Robert Klesges and colleagues used information obtained from Air Force recruits to show that if dual users are defined as using both products daily (a narrow definition), prevalence of dual use will be low. However, if dual users are defined as using either product once in the past month (a broader definition), prevalence of dual use will be high.
It is not surprising that Dr. Klesges found that defining tobacco use influences survey results. In 2001, he co-authored a study (with first-author C. Keith Haddock, abstract here; hereafter called Haddock-2001) that perfectly demonstrates how definitions can be manipulated to produce desirable results. Haddock-2001 purported to show that smokeless tobacco use is a gateway to smoking among Air Force recruits; it has been widely cited in American prohibitionist attacks on smokeless tobacco. In fact, its results are based on manipulation of definitions.
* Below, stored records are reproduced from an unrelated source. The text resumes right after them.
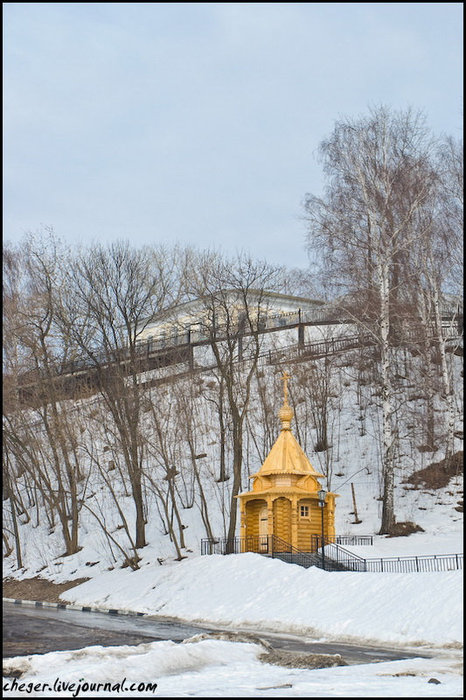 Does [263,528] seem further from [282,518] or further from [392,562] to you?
[392,562]

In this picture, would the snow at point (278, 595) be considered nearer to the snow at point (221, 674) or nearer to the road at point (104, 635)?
the snow at point (221, 674)

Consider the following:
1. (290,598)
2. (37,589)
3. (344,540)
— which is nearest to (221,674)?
(290,598)

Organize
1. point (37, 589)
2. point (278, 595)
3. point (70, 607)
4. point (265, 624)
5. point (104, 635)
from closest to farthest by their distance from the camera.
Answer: point (104, 635) → point (265, 624) → point (278, 595) → point (70, 607) → point (37, 589)

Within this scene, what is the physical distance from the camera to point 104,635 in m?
18.5

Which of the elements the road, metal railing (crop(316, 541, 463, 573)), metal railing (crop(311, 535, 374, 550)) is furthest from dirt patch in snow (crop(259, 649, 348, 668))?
metal railing (crop(311, 535, 374, 550))

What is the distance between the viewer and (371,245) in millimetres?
30109

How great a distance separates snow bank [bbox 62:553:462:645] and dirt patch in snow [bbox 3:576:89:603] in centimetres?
Answer: 85

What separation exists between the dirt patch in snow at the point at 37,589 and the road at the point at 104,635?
4821 millimetres

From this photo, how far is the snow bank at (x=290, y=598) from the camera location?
17734mm

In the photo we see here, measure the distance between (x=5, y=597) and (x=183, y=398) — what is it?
10617 mm

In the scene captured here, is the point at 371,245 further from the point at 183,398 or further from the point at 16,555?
the point at 16,555

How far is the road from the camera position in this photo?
622 inches

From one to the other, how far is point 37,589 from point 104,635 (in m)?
14.0

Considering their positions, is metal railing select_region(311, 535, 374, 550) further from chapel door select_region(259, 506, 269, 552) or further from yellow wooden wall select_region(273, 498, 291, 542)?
Result: chapel door select_region(259, 506, 269, 552)
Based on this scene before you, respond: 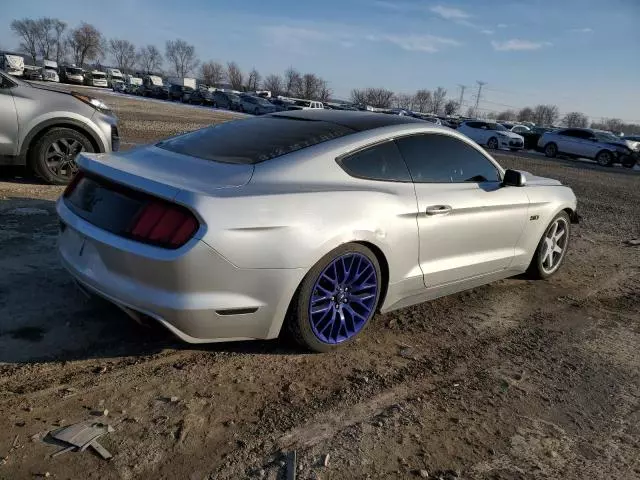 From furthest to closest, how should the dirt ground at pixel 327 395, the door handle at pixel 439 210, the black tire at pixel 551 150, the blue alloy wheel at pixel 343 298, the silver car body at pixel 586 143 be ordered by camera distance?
the black tire at pixel 551 150, the silver car body at pixel 586 143, the door handle at pixel 439 210, the blue alloy wheel at pixel 343 298, the dirt ground at pixel 327 395

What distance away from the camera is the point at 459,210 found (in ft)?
12.9

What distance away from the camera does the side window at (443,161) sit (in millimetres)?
3818

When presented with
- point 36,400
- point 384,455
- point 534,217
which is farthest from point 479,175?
point 36,400

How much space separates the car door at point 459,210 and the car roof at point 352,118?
0.23 meters

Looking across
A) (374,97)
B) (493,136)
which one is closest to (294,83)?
(374,97)

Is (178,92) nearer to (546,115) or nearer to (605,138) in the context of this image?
A: (605,138)

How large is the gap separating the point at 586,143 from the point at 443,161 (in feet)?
77.1

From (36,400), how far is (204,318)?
88cm

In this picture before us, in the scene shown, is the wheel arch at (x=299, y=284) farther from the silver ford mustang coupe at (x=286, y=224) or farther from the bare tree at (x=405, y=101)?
the bare tree at (x=405, y=101)

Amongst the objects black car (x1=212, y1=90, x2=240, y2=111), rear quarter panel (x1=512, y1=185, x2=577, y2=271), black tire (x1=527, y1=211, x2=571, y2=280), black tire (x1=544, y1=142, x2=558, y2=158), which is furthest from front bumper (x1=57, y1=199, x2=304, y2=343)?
black car (x1=212, y1=90, x2=240, y2=111)

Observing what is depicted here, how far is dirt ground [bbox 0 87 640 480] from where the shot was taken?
7.95ft

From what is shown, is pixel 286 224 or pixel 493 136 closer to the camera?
pixel 286 224

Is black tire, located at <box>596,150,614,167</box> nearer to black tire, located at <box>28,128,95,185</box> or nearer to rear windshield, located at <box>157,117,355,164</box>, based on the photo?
black tire, located at <box>28,128,95,185</box>

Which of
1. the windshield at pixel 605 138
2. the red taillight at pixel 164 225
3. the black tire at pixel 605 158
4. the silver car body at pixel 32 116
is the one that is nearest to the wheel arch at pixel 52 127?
the silver car body at pixel 32 116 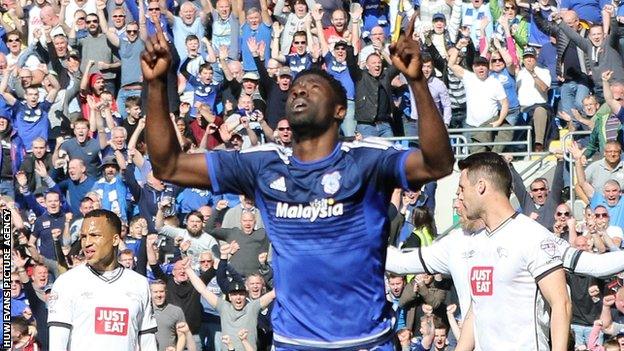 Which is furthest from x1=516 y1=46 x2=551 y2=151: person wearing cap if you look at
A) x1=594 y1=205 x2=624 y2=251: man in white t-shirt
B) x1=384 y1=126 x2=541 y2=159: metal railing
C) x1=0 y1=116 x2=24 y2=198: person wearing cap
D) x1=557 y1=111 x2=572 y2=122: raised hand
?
x1=0 y1=116 x2=24 y2=198: person wearing cap

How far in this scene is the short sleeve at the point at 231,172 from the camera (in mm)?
6980

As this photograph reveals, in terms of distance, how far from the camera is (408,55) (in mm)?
6258

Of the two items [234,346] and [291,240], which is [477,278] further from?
[234,346]

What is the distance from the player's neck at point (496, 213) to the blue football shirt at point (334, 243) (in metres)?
2.45

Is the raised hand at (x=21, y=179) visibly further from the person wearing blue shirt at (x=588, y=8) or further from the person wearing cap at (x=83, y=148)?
the person wearing blue shirt at (x=588, y=8)

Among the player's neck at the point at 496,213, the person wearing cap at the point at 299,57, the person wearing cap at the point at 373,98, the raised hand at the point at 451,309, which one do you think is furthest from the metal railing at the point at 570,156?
the player's neck at the point at 496,213

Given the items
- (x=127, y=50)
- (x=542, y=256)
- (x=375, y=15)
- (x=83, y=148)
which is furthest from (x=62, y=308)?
(x=375, y=15)

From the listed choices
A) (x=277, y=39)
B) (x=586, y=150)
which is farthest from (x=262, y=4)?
(x=586, y=150)

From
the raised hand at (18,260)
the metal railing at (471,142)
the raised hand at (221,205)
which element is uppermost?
the metal railing at (471,142)

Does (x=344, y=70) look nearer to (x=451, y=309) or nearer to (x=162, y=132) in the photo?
(x=451, y=309)

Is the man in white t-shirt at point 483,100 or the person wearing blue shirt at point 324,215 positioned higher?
the person wearing blue shirt at point 324,215

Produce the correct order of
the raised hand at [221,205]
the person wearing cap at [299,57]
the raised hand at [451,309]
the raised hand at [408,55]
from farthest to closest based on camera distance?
the person wearing cap at [299,57]
the raised hand at [221,205]
the raised hand at [451,309]
the raised hand at [408,55]

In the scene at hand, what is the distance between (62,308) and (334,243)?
167 inches

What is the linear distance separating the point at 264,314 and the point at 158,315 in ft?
3.83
Haddock-2001 studied 14,340 men (average age, about 20 years) who had never smoked when they reported to Air Force basic training in 1995 and 1996. After one year, Dr. Haddock followed up with 7,865 subjects, finding that 1,099 of them were smoking. That’s a 14% smoking initiation rate among 20-year old men after one year in the Air Force! At one year, Haddock-2001 also found that, compared with recruits who had never used tobacco before basic training, recruits who were current smokeless users were 2.33 (95% Confidence interval = 1.84 – 2.94) times more likely to be smoking.
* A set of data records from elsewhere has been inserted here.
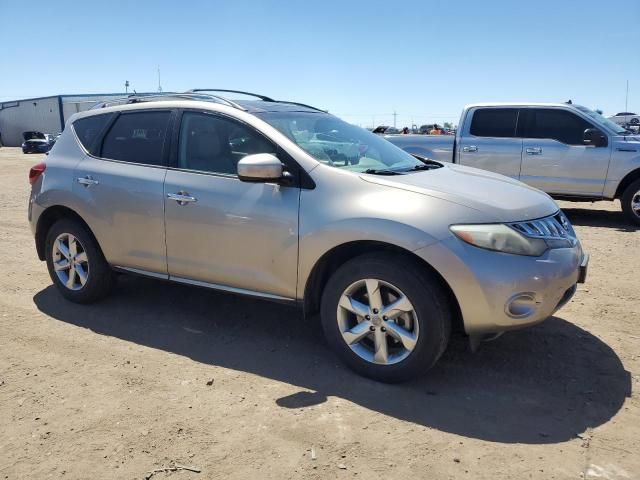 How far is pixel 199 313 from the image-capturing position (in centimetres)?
466

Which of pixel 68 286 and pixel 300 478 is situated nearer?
pixel 300 478

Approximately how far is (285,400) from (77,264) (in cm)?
255

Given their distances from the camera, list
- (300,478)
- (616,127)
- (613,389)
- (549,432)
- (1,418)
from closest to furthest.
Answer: (300,478), (549,432), (1,418), (613,389), (616,127)

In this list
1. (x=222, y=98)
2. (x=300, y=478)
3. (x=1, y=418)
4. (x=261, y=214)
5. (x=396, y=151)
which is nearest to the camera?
(x=300, y=478)

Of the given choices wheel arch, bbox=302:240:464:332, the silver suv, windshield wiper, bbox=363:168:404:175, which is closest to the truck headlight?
the silver suv

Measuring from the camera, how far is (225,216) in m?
3.75

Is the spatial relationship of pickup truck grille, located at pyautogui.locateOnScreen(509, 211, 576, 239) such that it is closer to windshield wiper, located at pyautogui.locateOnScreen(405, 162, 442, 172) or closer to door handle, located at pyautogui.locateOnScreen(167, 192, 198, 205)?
windshield wiper, located at pyautogui.locateOnScreen(405, 162, 442, 172)

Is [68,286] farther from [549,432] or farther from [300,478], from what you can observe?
[549,432]

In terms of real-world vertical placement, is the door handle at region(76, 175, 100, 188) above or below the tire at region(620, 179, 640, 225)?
above

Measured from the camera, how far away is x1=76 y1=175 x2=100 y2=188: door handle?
4.47m

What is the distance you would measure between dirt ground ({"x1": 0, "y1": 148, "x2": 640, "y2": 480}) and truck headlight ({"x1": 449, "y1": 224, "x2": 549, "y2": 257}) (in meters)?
0.88

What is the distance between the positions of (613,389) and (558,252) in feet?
2.96

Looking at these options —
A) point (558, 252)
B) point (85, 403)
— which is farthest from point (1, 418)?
point (558, 252)

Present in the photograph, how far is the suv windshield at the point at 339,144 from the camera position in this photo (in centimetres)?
377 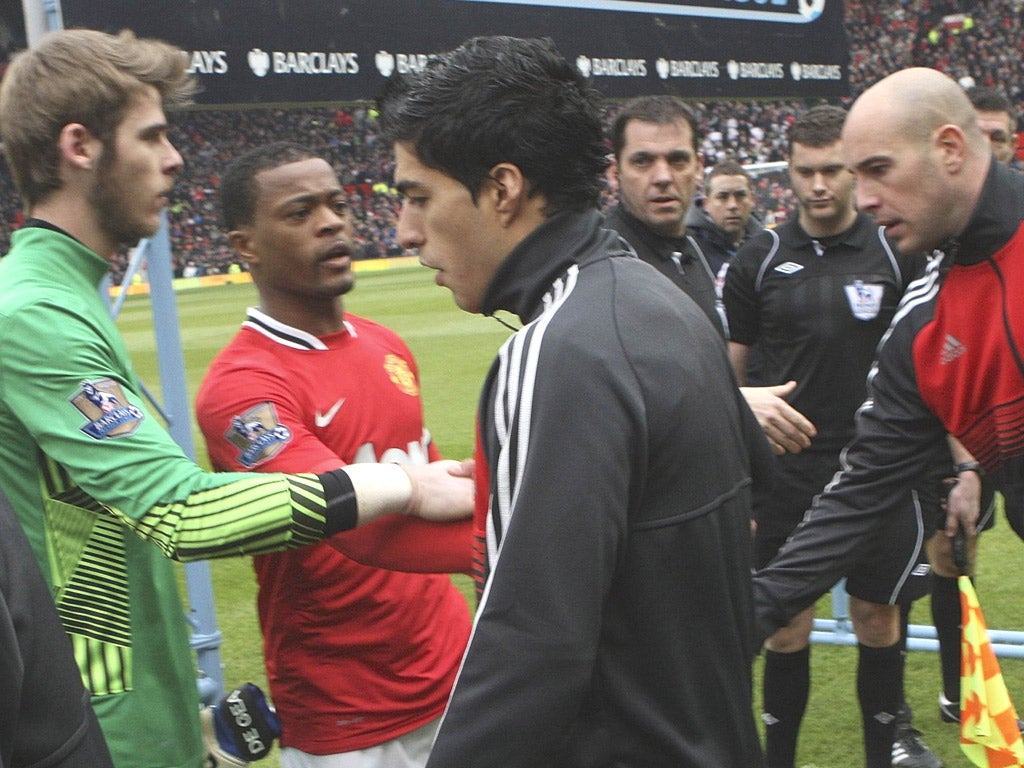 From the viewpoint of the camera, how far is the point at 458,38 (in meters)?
5.11

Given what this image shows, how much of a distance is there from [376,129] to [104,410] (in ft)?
109

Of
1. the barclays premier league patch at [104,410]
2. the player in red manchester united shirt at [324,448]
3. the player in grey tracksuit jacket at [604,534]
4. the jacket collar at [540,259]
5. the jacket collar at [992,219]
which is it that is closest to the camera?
the player in grey tracksuit jacket at [604,534]

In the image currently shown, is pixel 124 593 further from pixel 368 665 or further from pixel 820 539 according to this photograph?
pixel 820 539

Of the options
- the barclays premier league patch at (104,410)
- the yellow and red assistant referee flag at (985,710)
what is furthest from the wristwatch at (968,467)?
the barclays premier league patch at (104,410)

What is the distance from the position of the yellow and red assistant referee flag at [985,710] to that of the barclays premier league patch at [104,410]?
5.63 ft

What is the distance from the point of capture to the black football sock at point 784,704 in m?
4.11

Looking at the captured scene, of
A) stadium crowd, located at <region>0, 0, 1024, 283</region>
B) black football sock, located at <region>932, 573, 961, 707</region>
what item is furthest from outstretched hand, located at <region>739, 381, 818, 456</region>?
stadium crowd, located at <region>0, 0, 1024, 283</region>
First, how did 14% of first-year never-smoking Air Force recruits start smoking? It turns out that this number is grossly inflated. In 1999, Drs. Klesges and Haddock had published a study of these same recruits (abstract here; hereafter called Klesges-1999), in which they reported that only 8% of never smokers had started to smoke after one year in the Air Force.
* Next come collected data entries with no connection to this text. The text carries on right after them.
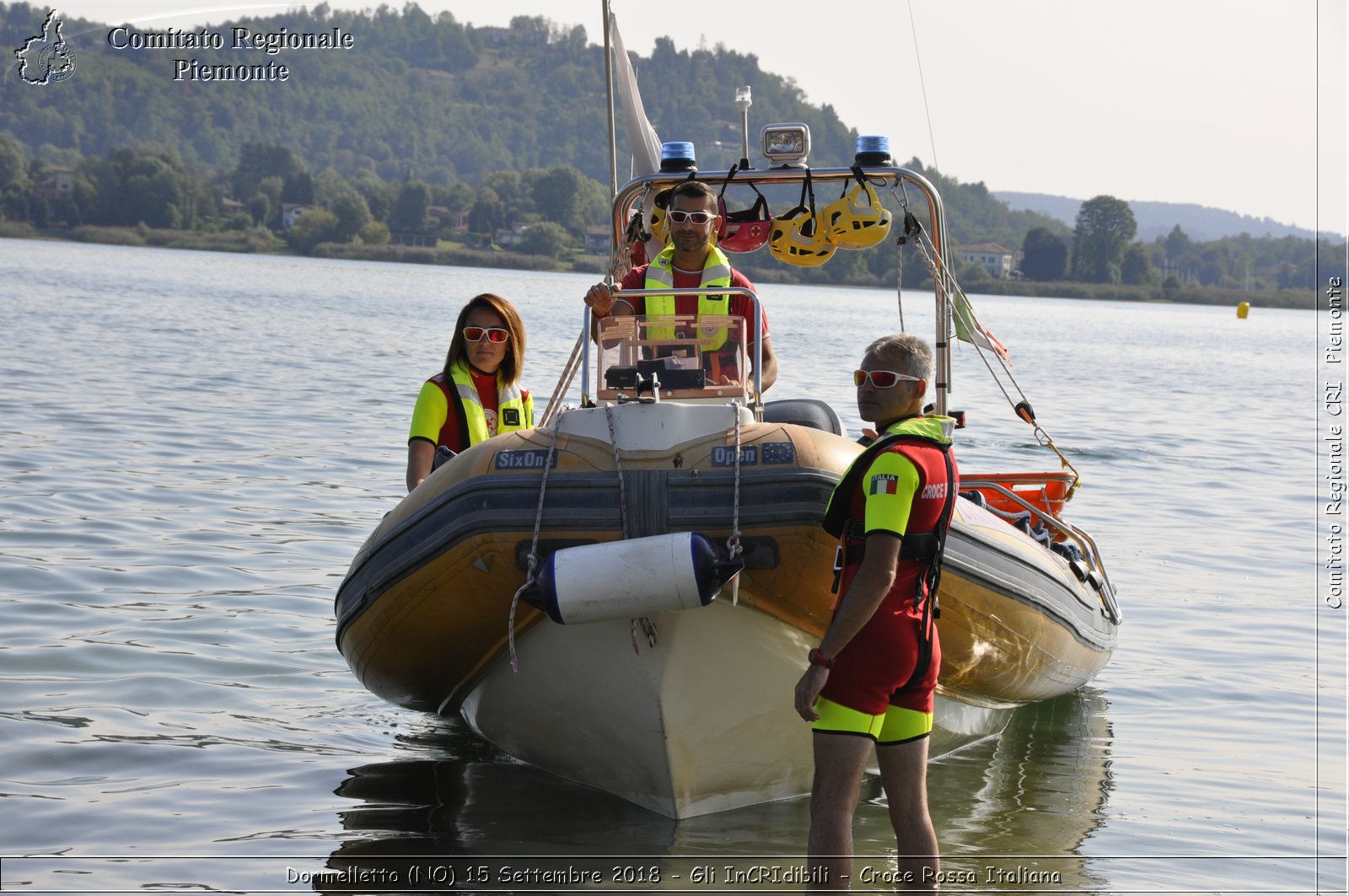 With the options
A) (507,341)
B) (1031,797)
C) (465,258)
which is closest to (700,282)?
(507,341)

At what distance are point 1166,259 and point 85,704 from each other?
95410 millimetres

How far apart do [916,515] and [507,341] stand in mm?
1964

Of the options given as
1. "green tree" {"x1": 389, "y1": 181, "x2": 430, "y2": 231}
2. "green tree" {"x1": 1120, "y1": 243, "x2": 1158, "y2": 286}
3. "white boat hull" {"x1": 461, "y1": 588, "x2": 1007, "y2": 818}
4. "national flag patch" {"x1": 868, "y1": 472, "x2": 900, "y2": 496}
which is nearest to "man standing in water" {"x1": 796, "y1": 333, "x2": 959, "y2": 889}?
"national flag patch" {"x1": 868, "y1": 472, "x2": 900, "y2": 496}

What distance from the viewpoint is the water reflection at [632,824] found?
456 cm

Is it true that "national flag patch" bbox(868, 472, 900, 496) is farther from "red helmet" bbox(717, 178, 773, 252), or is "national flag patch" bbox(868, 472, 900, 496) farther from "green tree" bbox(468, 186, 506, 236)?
"green tree" bbox(468, 186, 506, 236)

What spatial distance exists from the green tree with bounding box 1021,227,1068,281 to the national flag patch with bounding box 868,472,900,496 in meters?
71.0

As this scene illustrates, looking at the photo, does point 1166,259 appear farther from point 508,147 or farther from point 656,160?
point 656,160

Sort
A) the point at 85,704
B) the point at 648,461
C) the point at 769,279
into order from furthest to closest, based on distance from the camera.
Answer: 1. the point at 769,279
2. the point at 85,704
3. the point at 648,461

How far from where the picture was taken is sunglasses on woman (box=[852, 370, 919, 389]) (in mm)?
3646

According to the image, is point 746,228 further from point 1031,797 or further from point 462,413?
point 1031,797

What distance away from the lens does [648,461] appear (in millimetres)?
4168

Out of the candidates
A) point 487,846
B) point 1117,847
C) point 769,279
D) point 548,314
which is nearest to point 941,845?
point 1117,847

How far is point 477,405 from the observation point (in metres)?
5.05

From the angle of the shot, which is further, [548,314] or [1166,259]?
[1166,259]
The discrepancy between Haddock-2001 and Klesges-1999 is due to differences in the category definitions of smoking, summarized in this table.
Different Definitions of Smokers in Klesges-1999 and Haddock-2001 | ||
---|---|---|
Category | Klesges-1999 | Haddock-2001(%) |
At Enrollment | ||
Never Smoker | Never smoked a cigarette | Never Smoked regularly |
Experimental Smoker | Smoked on one or two occasions, never regularly | Not mentioned |
Ex-smoker | Smoked regularly, but quit | Smoked regularly, but quit |
Current Smoker | Smoked regularly, at least one cigarette per day | Smoked regularly, at least one cigarette per day |
At One Year | ||
Current Smoker | Smoked even a puff in last 7 days | Smoked even a puff in last 7 days |
At enrollment, Klesges-1999 identified a group of “experimental smokers,” 26% of whom became smokers at the one-year follow-up. But Haddock-2001 never mentioned experimental smokers, which means that they were in the “never-smoking” group at enrollment; that significantly accounts for the 14% initiation rate, instead of the 8% rate found in the Klesges-1999 report.
It is likely that many Haddock-2001 smokeless tobacco users were also experimental smokers. The only apparent reason to eliminate the experimental smoker category and effectively shift those subjects to the never-smoking category was to bolster the case for labeling smokeless tobacco use as a gateway to smoking.
Dr. Haddock also defined current smoking differently at enrollment than after one year of follow-up. Good practice in scientific investigation is to establish definitions and stick with them throughout a research project. As the table shows, Haddock-2001 defined a current smoker at enrollment as smoking at least one cigarette per day, but then defined a current smoker at one-year as someone who smoked even a puff in the last 7 days.
The manipulation of smoking definitions in Haddock-2001 casts considerable doubt on its claim that smokeless tobacco use is a gateway to smoking.